Daniel Galán playing the US Open 2022 // USTA
– What would I have been if I hadn’t been a tennis player?
– That’s a very good question. I always liked sports. I always loved cycling. I don’t have the prototype to be a cyclist because I’m very tall, but I think I would have been a sportsman in some other discipline.
– As a good Colombian, do you go out cycling from time to time?
– Unfortunately, I can’t now. I did it for a while, but I fell once and broke my hand. So it can affect me a lot. I have my bike at home, but I don’t use it any more.
– Outside of sport, do you have any other interests?
– That’s something I’m still discovering. Little by little you start to develop other interests.
– A new president recently took office in Colombia. The first left-wing government in your country’s history. Do you identify with Gustavo Petro?
– No comments?
– I don’t get involved in politics.
– Did you vote in the elections?
– Unfortunately, no. I was travelling.
– And why aren’t you interested in talking about politics?
– As a sportsman, I don’t know. In fact I don’t like to be asked about it. I don’t want to suddenly show a point of view that is going to affect something. I prefer to save my opinions.
– What does Colombia need in a general level?
– We need to believe in ourselves. We have many special things that other countries don’t have. We don’t value ourselves, we need to believe more that we are a good country, made of good people. We can really get higher and higher. The affection of the people is very special, the nature is very rich, all of that is great for tourism. We have everything and we should be proud of it. There are so many things that I could go on forever listing them, but the interview can’t be that long (laughs). I am a proud Colombian.
– Are you a football fan?
– Of the national team, yes, but beyond that, I’m not a die-hard fan. It’s a pity we didn’t qualify for the World Cup, but that’s part of sport, just as we tennis players missed out on important tournaments.
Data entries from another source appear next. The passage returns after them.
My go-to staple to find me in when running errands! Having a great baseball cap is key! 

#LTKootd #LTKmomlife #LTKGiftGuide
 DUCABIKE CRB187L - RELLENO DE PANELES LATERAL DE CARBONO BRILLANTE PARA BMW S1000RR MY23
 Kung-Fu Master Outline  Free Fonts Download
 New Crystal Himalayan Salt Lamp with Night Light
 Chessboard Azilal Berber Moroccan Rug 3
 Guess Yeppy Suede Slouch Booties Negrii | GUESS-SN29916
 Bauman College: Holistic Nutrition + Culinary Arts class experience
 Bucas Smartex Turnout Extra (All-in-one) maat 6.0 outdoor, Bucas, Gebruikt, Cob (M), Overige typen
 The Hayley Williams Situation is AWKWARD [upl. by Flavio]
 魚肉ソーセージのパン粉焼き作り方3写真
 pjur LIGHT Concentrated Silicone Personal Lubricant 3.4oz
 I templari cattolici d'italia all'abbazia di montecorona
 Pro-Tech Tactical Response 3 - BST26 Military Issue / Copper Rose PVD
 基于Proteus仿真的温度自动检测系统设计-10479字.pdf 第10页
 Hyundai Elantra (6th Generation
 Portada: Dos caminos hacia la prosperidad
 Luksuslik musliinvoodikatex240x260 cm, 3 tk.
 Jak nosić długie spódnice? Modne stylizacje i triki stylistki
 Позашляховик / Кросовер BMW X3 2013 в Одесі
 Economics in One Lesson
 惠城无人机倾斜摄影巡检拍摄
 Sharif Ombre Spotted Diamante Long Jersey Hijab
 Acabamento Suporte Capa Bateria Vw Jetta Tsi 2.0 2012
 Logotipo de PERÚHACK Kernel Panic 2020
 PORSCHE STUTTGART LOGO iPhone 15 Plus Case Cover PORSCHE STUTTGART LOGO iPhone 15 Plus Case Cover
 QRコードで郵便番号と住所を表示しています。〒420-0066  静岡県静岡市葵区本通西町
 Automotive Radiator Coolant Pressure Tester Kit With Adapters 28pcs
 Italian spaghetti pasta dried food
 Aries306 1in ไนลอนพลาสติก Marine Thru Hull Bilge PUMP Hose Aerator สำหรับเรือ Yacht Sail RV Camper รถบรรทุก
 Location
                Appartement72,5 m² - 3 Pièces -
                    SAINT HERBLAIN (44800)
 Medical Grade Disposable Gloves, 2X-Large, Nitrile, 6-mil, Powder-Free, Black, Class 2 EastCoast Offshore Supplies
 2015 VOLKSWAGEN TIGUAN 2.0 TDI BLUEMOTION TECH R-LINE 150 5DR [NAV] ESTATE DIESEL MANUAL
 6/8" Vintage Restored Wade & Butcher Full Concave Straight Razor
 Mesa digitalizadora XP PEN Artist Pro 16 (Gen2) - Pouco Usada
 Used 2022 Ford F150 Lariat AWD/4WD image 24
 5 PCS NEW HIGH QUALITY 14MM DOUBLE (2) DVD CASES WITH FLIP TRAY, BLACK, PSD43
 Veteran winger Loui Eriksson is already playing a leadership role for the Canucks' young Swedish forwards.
– Now you are focused on the Davis Cup against Turkey in Bogota.
– The Cup is completely different. You never know what is going to happen, that’s why we have to be prepared and leave everything on the court.
– How do you experience the series when you play at home?
– Everyone goes, family and friends. You feel the energy of the fans, which is much needed. You don’t always play at home and you have to learn to enjoy it.